USDA estimated in 1998 that approximately 35% of all agricultural
production was produced under contract. This trend is rapidly spreading
from poultry to hogs to tobacco to specialty crops and grains. Unfortunately,
these agricultural contracts are developed in an environment in
which the corporate processors, handlers, packers or buyers have
monopoly-like market power and farmers have almost no legal protection.

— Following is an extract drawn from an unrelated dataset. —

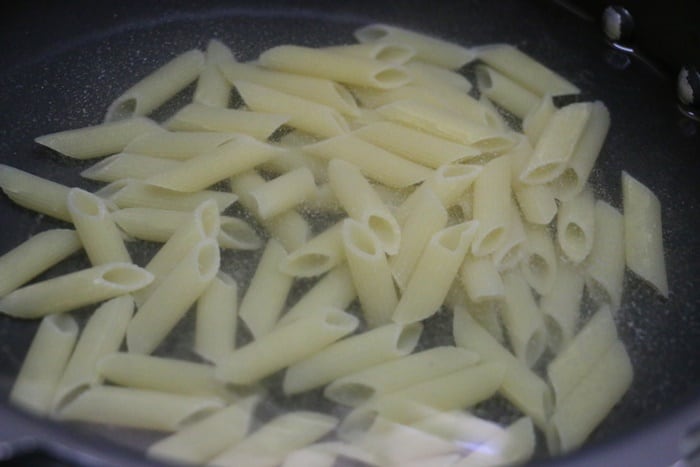 Cooking pasta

The result is a growing imbalance in market power between the family
farmer and agribusiness corporations, which is depressing farm income
and threatening the economic viability and environmental health
of our rural communities.
Fairness in contracts is impossible when individual producers have
no power to negotiate terms or to protect themselves against fraud,
retaliation or discrimination. Farm policies that can help to balance
the contract relationship include:
Amend the Agricultural Fair Practices Act to protect the ability
of farmers to negotiate fair
contracts with processors. Such an amendment enhances
the power of producers and their cooperatives to stabilize farm
income by providing mutual obligations for good faith bargaining.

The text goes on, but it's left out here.